Mexican footballer (born 1946)

Jorge Negrete Vea (23 March 1943 – 5 January 2019) was a Mexican footballer. Nicknamed "Profe", he played for América throughout the late 1960s and for Puebla throughout the early 1970s as a central defender. He also represented Mexico internationally for the 1969 CONCACAF Championship.

==Club career==
Despite being born in Heroica Nogales in Sonora, he soon moved to Ensenada in the nearby state of Baja California del Norte. Within local teams in his home city, he developed enough talent to be scouted by América to make his debut during the winning 1965–66 season. He saw initial success within the club throughout the mid-1960s, making regular appearances within. However, the dawn of the late 1960s saw players such as Guillermo Hernández, Ernesto Cisneros, Javier Fragoso, Raúl Arellano, Felipe Ruvalcaba and Ignacio Calderón dominate the Mexican Primera División as well as general poor pay from the Cremas made Negrete sign for Puebla for the 1969–70 Mexican Segunda División after being convinced by György Marik as a part of a project to sign players from other Liga MX clubs by club manager Francisco González Gatica.
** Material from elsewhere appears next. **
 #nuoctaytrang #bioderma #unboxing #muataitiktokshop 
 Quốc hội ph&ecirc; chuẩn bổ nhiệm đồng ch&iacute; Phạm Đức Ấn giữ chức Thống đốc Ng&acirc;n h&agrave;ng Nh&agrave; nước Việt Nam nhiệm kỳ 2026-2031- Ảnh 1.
This shift in the roster saw Negrete play alongside other players such as Manuel Lapuente, Benito Pardo, Martín Ibarreche and Coco Gómez. This project would pay off as Puebla would successfully achieve promotion in the following 1970 Mexican Segunda División. Despite taking a small break in 1972 due to repeated injury, he played his final games for the club in the first half of 1973 as he spent his final season with Veracruz before his retirement that year.

==International career==
Negrete was called up to represent Mexico for the 1969 CONCACAF Championship. He only made a single appearance in the 1–0 loss against Guatemala on 2 December 1969.

==Later life==
Negrete later married María Elena Valdéz and had three children with her: Raúl Armando, Jorge y Elizabeth along with many cousins. He also served as a coach within Cecyt 201 at his home city where he coached players such as Jorge "Marro" Cárdenas and Javier "Capi" Herrera. He died on 5 January 2019 from chronic anemia.